Rate rise: Not over till the last MPC member sings

23rd February 2011

Andrew Sentance, who has been long pushing for a rise, was joined by chief economist Spencer Dale, who along with Martin Weale voted for the quarter-point rise in interest rates at their meeting earlier this month.

The Guardian speculated that the hawkish voting pattern was a sign that policy could be tightened in the coming months if oil prices continue to soar as a result of Middle East unrest

"Given the potentially disruptive impact of reversing any immediate change in Bank Rate, there was merit in waiting to see indicators of how the economy performed at the start of the year to help assess whether or not the decline in GDP in the fourth quarter presaged sustained economic weakness. A rise at this juncture could damage household and consumer confidence, which remained fragile," the Bank of England MPC minutes say.

The American economist Adam Posen was reported in the MPC minutes as calling for an extension of the Bank's quantitative easing policy, to stave off a double-dip recession.

Simon Ward, chief economist at Henderson, said the odds had shortened on a March rate hike.

On his blog Ward says the February MPC minutes suggest that the bank rate will rise in two weeks' time if revised fourth-quarter GDP figures and purchasing managers' consumer surveys for February indicate that economic recovery is continuing.

2 thoughts on “Rate rise: Not over till the last MPC member sings”

  1. Anonymous says:

    Interesting, but I thought the Treasury already took all surpluses from the Fund and indemnified all losses. Also, the APF was heralded as a monetary operation pure and simple under the sole control of the MPC and would be reversed or extended to target the inflation brief.
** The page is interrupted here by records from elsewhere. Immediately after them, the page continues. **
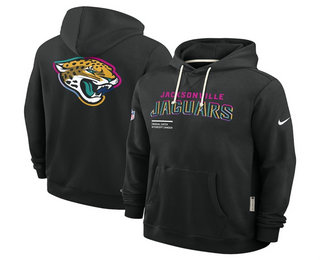 Men's Jacksonville Jaguars Black 2025 Crucial Catch Club Pullover Hoodie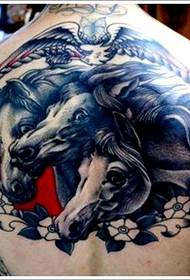 Klasisks skaists zirga muguras tetovējums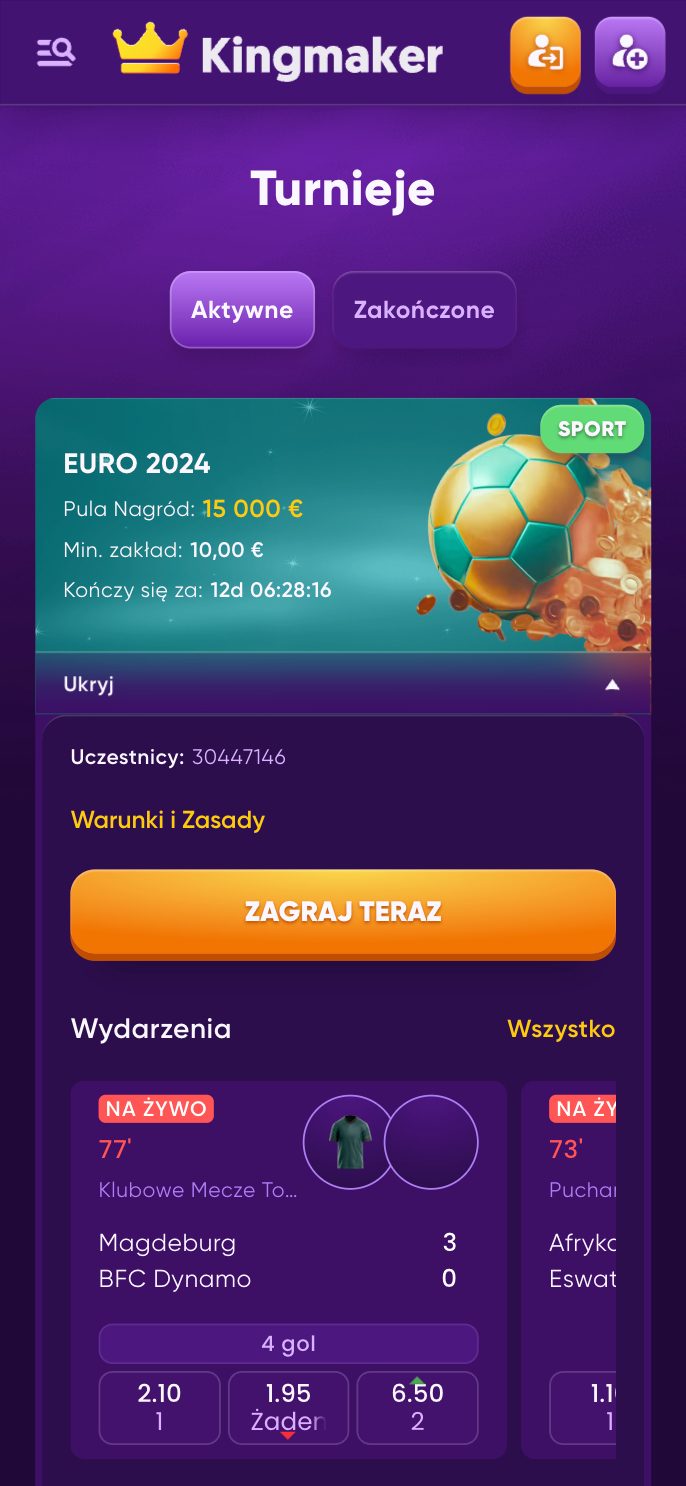 Kingmaker Casino Screenshot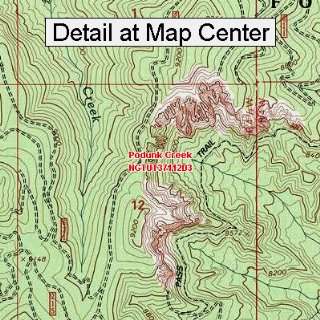   Topographic Quadrangle Map   Podunk Creek, Utah (Folded/Waterproof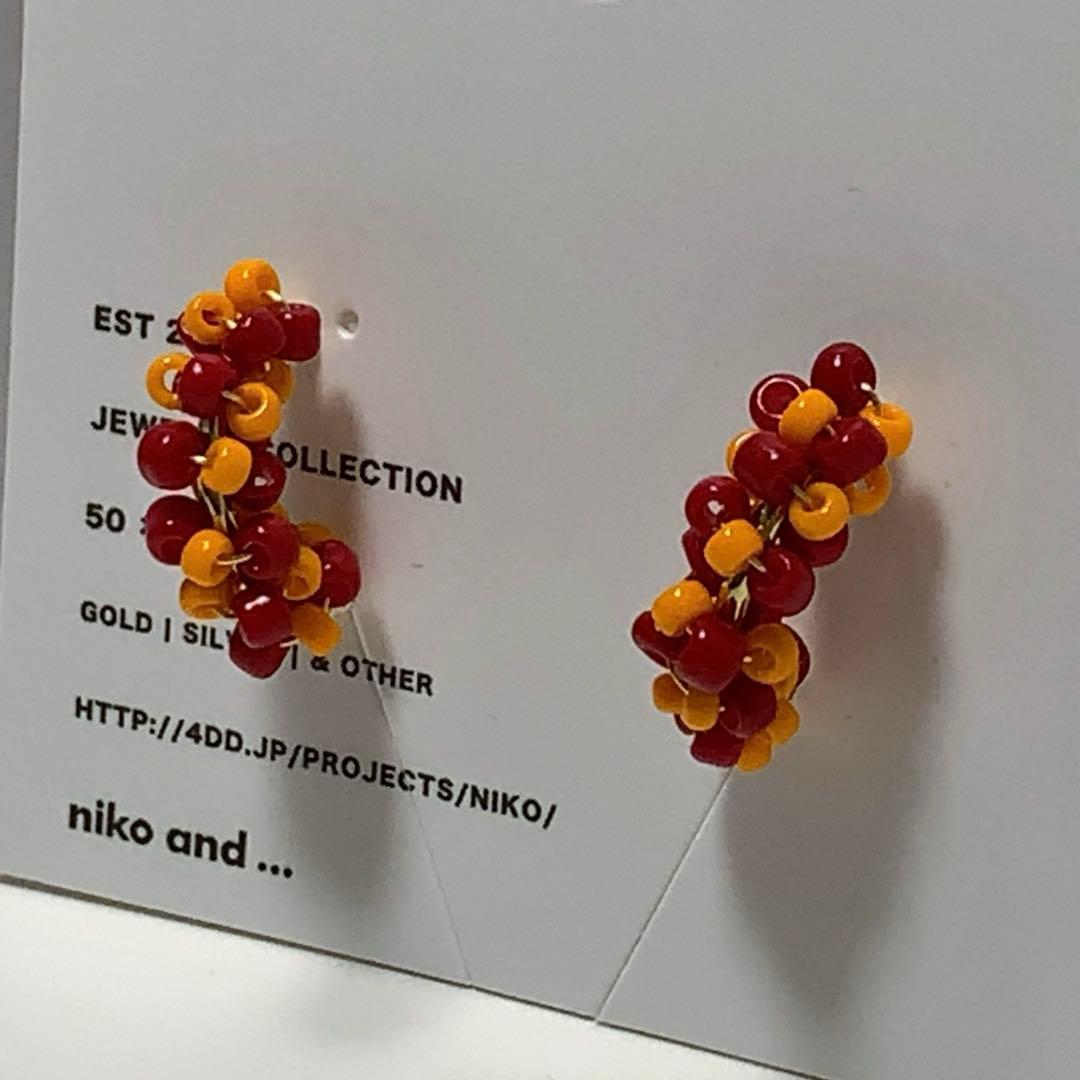 【未使用】ビーズアーチイヤリング・メイドインジャパン nico and… — image 3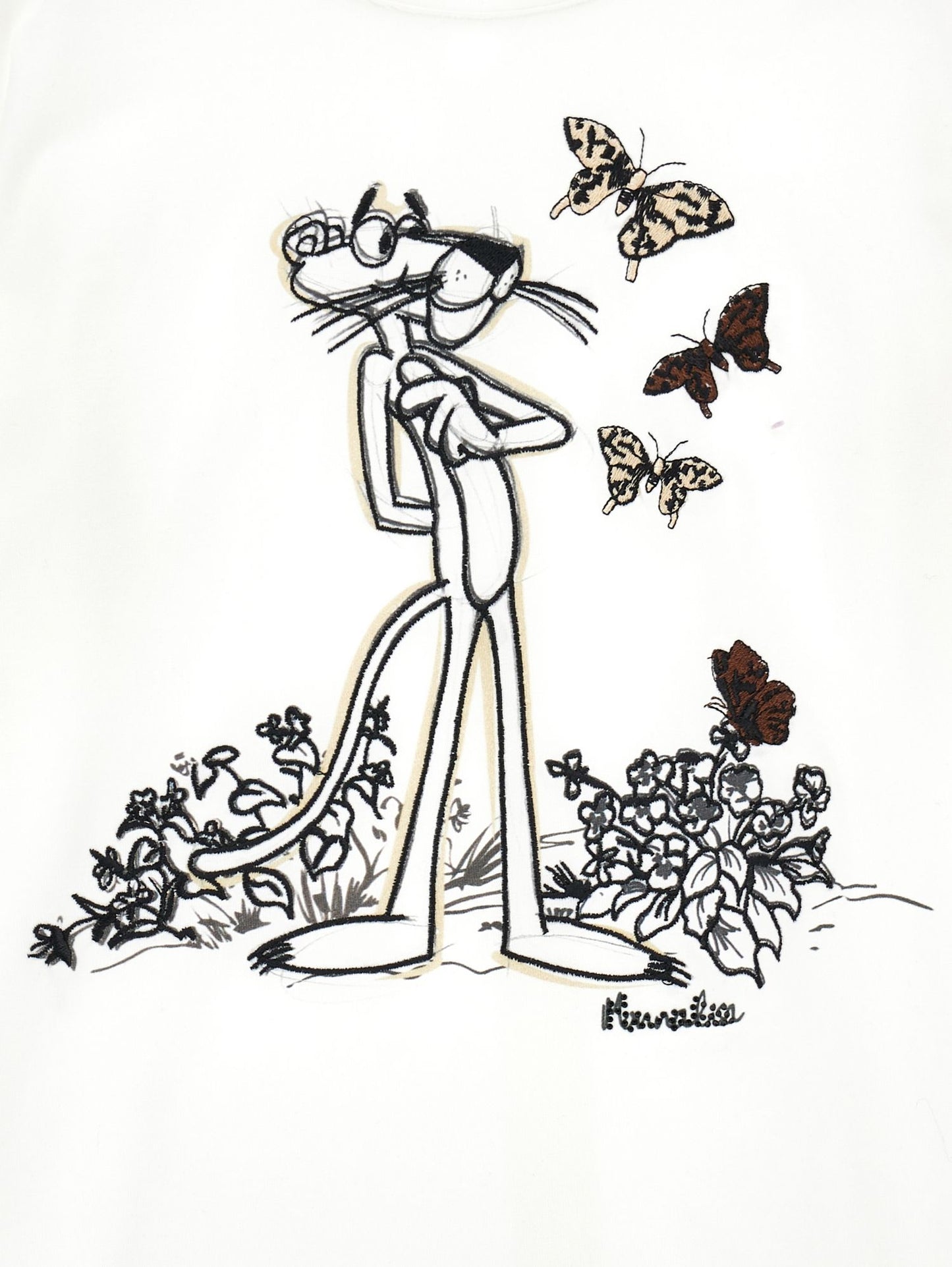 Pink Panther long-sleeved T-shirt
If it is now to be a clever bond market maneovre for fiscal gain wouldnt that compromise what nominal independence the MPC has ( and any future operations the MPC may undertake) and give oxygen to the allegation that the exercise was just a monetisation of debt for fiscal objectives.

    1. Simon Ward says:

      The Fund’s P&L will be included in the targeted public borrowing measure only on its closure, which could be 10+ years away. In the meantime, it is piling up net interest at £8 billion a year. Closing it down and bringing these receipts “on balance sheet” would make the borrowing measure a more accurate reflection of the true state of the public finances. The suggestion does not compromise the MPC’s independence because there are other ways of reversing the monetary impact of QE.